Tsukiji’s popularity has increased through word of mouth and its listing in many travel books as a must-see destination. Also, the annual number of tourists visiting Japan has jumped about 60 percent to more than 8.3 million since the government launched its “Visit Japan Campaign” in 2003.

April usually sees a higher number of foreign travelers due to the cherry blossom season, and an unprecedented number swarmed the Tsukiji market early last month.

But there seems to be more behind Tsukiji’s popularity.

According to Yasutake Tsukamoto, director of the Tourist Information Center run by the Japan National Tourism Organization (JNTO), foreign tourists have become more interested in “experience-oriented” sightseeing.

“Tsukiji starts its day early.
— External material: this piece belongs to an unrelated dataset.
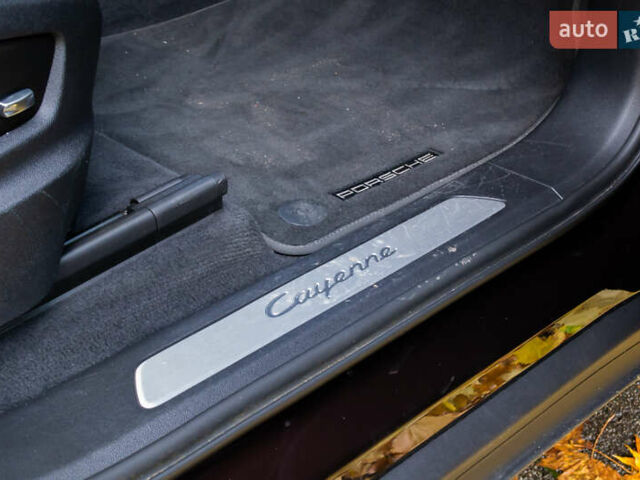 Коричневый Порше Каен, объемом двигателя 3 л и пробегом 112 тыс. км за 58900 $, фото 35 на Automoto.ua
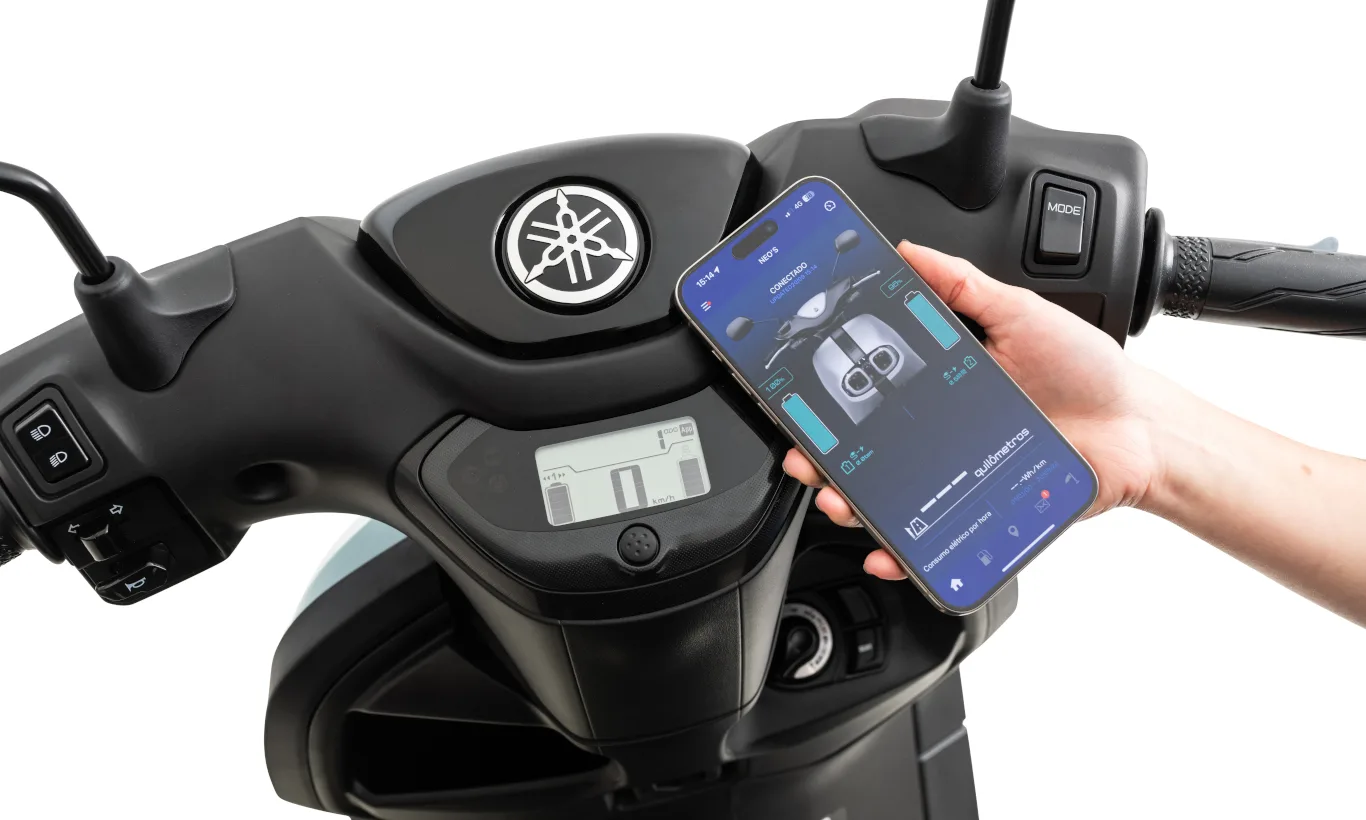 Com painel conectado e rodar sem vibração, o Neo’s entrega sensação moderna e prática, facilitando arrancadas e manobras curtas.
Ten years ago we believed foreign tourists went there because of jet lag,” Tsukamoto said. “In recent years, however, they seem to view Tsukiji as a microcosm of Japanese society. By eating at small, crowded eateries shoulder to shoulder with Tsukiji workers, they also feel they’re part of the marketplace.”

Manabu Tsujimura, 57, a member of the Japan Guide Association who gives foreign tourists guided tours to Tsukiji, has been well aware of the entertaining aspects of Tsukiji market, especially the tuna auction.
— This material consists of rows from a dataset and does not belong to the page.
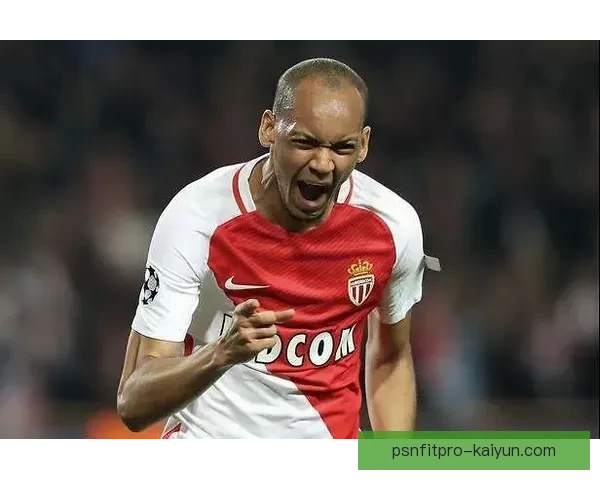 法比尼奥在利物浦的表现稳健，持续展现出强大的防守能力与中场调度。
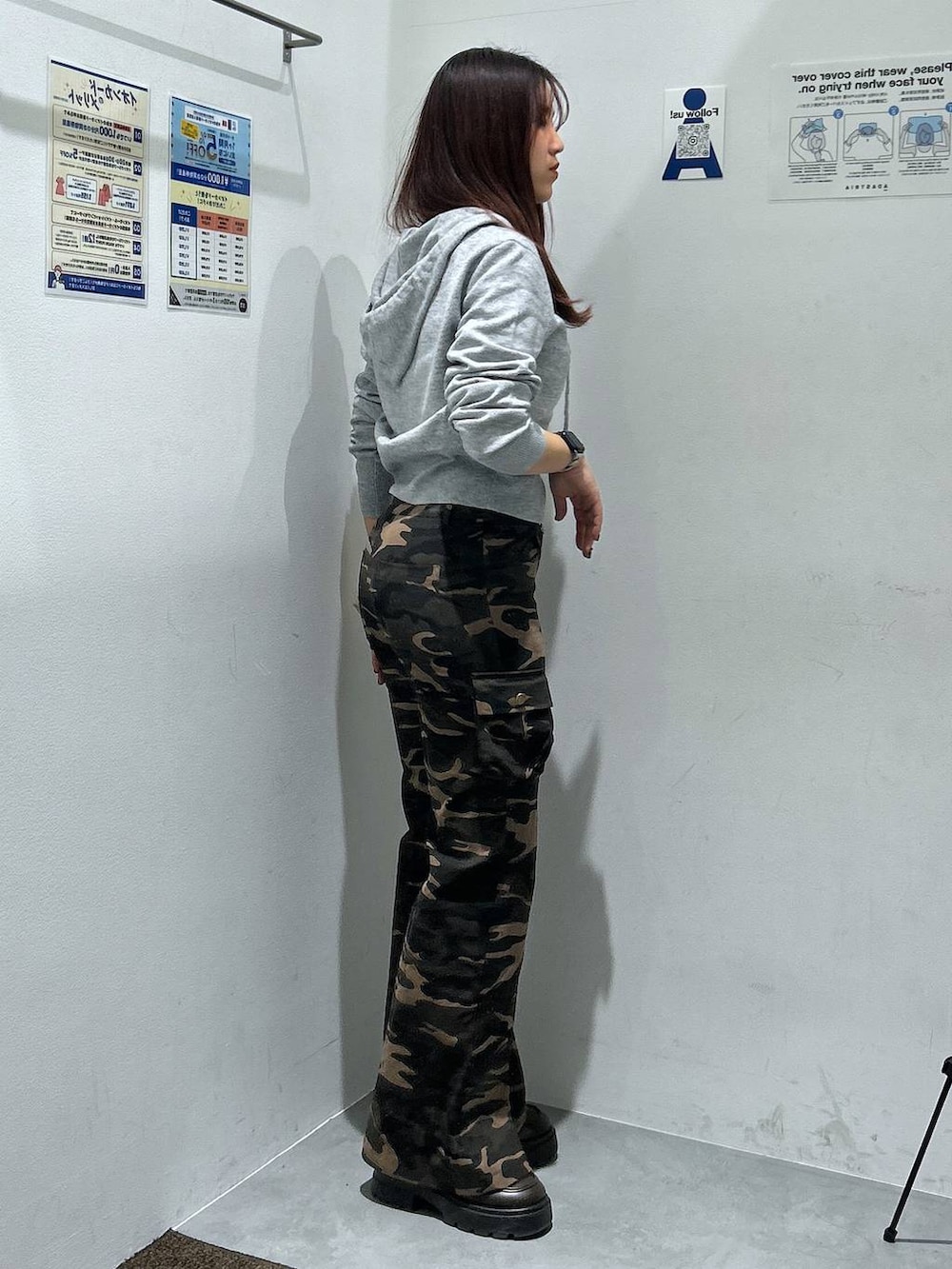 ブラウン系のローファー、グレー系のニット/セーター、グリーン系のデニムパンツを着用したレディースの冬コーディネートの3枚目の写真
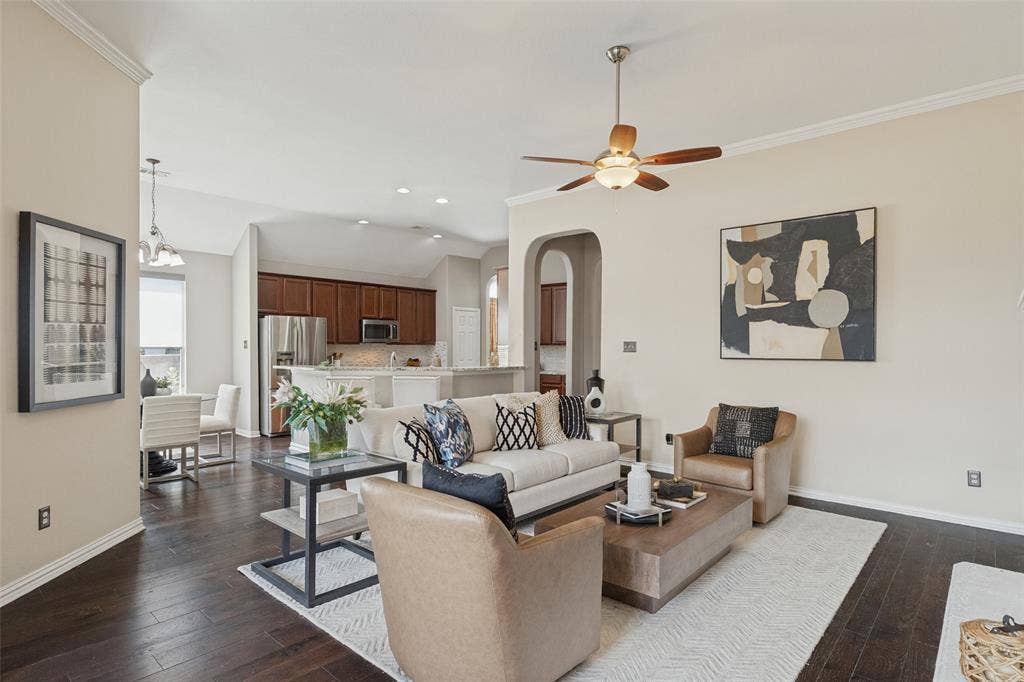 10796 Astoria Drive, Frisco, TX 75035 Open-concept living area offers a spacious, inviting layout with rich hardwood floors, high ceilings, and seamless flow into the kitchen and breakfast area—perfect for everyday living and entertaining.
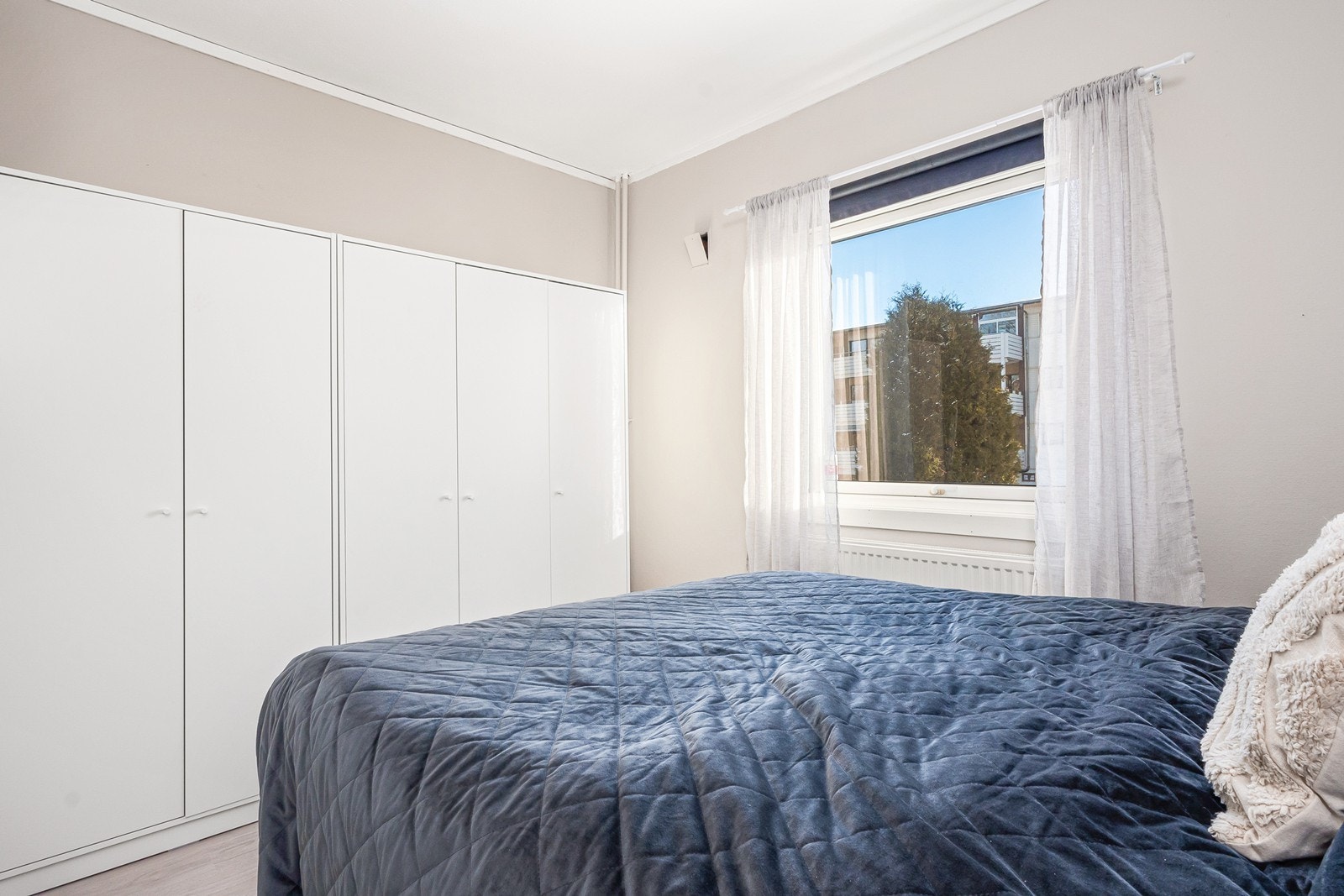 Dagens hovedsoverom er innredet med stort garderobeskap for enkel orden i klær og tilbehør. Galleribilde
“I don’t have to explain the auction. Foreign tourists enjoy themselves just by watching it,” he said. “I remember one tourist described Tsukiji as ‘chaos in order.'”

Workers at Tsukiji are astonishingly skilled at handling fish. Only a few kilometers away from the sophisticated Ginza shopping district, the world’s largest fish market handles more than 2,000 tons of fish and other seafood, worth 1.74 billion yen, every day.
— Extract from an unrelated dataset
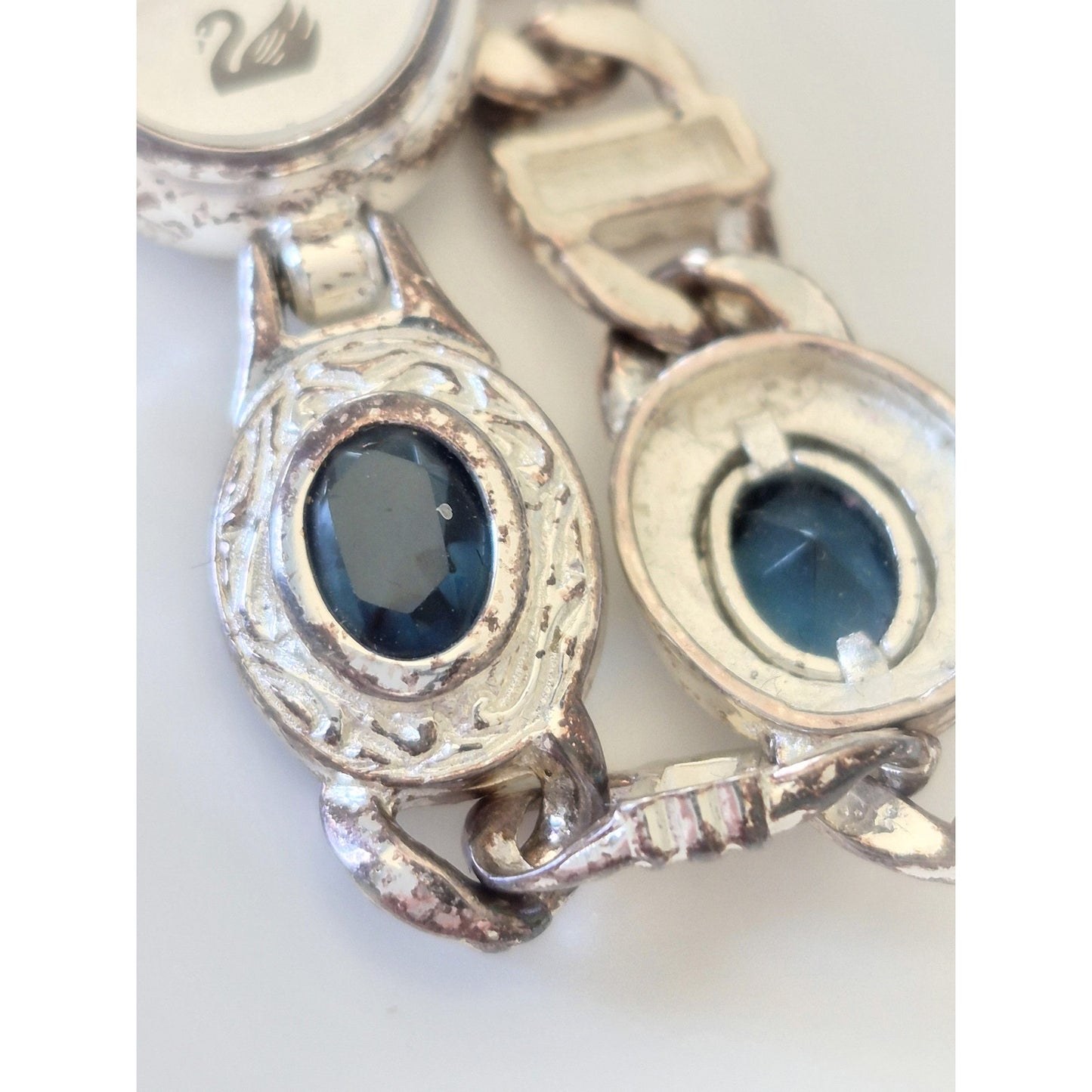 Vintage Gloria Vanderbilt Quartz Swarovski Bracelet Watch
American Jason Rice, who visited Japan last year, vividly remembers his experience at the market.

“I most enjoyed the frantic order and chaotic calm to the place,” he said. “People were running around in such small areas with the precision only capable of an experienced professional.”

The market dates back to the Edo period (1603-1867), when Tokugawa Ieyasu invited fishermen from Osaka to Edo (present-day Tokyo) to ensure supplies for his castle, and allowed them to sell the remaining fish near Nihombashi bridge. Destroyed by the Great Kanto Earthquake in 1923 and rebuilt in its current location in 1935, the market has been what its Web site calls “a kitchen for 12 million people in Tokyo.”

Located at a crossroads for both domestic and international trade in seafood, Tsukiji is a symbol of the global fish industry. When a trade ban on bluefin tuna was proposed under the Washington Convention, media worldwide carried pictures and footage of the Tsukiji market and reported the opinions of workers there.

Harvard University Prof. Theodore Bestor, an American anthropologist who conducted extensive fieldwork at Tsukiji market, called it “a genuine attraction that does nothing to promote itself as such.”

“Tsukiji is closely attuned to the subtleties of Japanese food culture and to the representations of national cultural identity that cloak cuisine, but this is also the market that drives the global fishing industry, from sea urchin divers in Maine to shrimp farmers in Thailand, from Japanese long-liners in the Indian Ocean to Croatian tuna ranchers in the Adriatic,” he wrote in his book, “Tsukiji: The Fish Market at the Center of the World.”

But not everyone is happy. Market participants have been ambivalent about their workplace becoming a tourist attraction.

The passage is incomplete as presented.